Я почти не выходила из своей комнаты. Ни с кем из друзей и близких мужа не встречалась. На все их вопросы: "Где пропадает твоя жена?" – следовал один и тот же ответ: "Она больна".
Настали "Ямим-нораим"[1]. Ни я, ни братья не были религиозными, как и все наше поколение, выросшее в условиях советской действительности. В семье соблюдались все еврейские праздники по всем правилам Торы, но в основе нашего отношения ко всем еврейским обрядам лежала не религиозность, а любовь и уважение к родным, уважение к традициям еврейского народа, к его национальному духу, к его стремлению утвердить свою национальную самобытность.
В детстве отец часто брал меня на праздники в синагогу, и в памяти моей навсегда запечатлелись и образ молящегося отца, и вся молитвенная обстановка синагоги.
Став взрослой, я также бывала в синагоге, но не для того, чтобы молиться, а чтобы послушать выступления отца, или в день Йом-Киппур Кол-Нидре какого-нибудь известного кантора в ашкеназийской синагоге (такие часто приезжали в Тбилиси из разных городов России), или в Рош ха-Шана отвести домой маму, которая в эти праздники молилась в ашкеназийской синагоге, а не в сефардской, где бывал отец.
Перед заходом солнца, в канун Йом-Киппур, я зажгла в своей комнате высокие свечи, оделась, вышла на улицу, взяла такси, поехала в синагогу. Но на этот раз меня повело туда не желание послушать хорошего кантора, а непреодолимая потребность окунуться и раствориться в синагогальной атмосфере.
Когда я пришла в синагогу, там уже шла молитва. Я вошла в мужской зал и стала в углу. Места были заняты примерно на две трети. Почти все молящиеся – или старики, или очень пожилые.
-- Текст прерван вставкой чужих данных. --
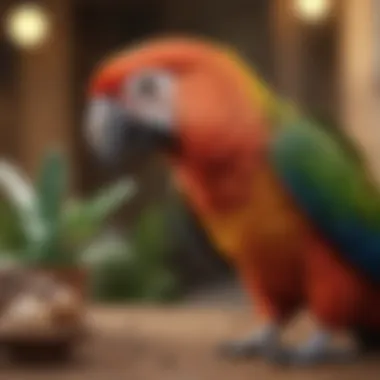 A colorful parrot displaying its stunning plumage while engaging with its owner.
Молодых не было совсем.
Я стояла и слушала кантора, которого в моем воображении постепенно стал вытеснять образ отца. Мне казалось, что он своим неповторимым волшебным голосом обращает мольбы к Всевышнему. Чувствую, как слезы ручьем текут по моему лицу, и я молюсь, молюсь за него, за всех… И мне кажется, что на душе становится легче.
Некоторые из молящихся с удивлением поглядывают на меня, но никто не посмел спросить, кто я и отчего так горько плачу…
Удивились и в семье моего мужа. Те, кто тогда жил в Ленинграде, легко поймут, что мое поведение должно было казаться диким подавляющему большинству людей.
Прошел октябрь, потом ноябрь. За это время всего раза два мы получили короткие сообщения из Тбилиси о том, что там без перемен.
В начале декабря мне сообщили, что на все жалобы по поводу судьбы Герцеля мама наконец получила официальный ответ: "Ваш сын осужден на десять лет и сослан без права переписки". Выходило: Герцель осужден отдельно от отца и Хаима, дело которых находится в стадии "следствия".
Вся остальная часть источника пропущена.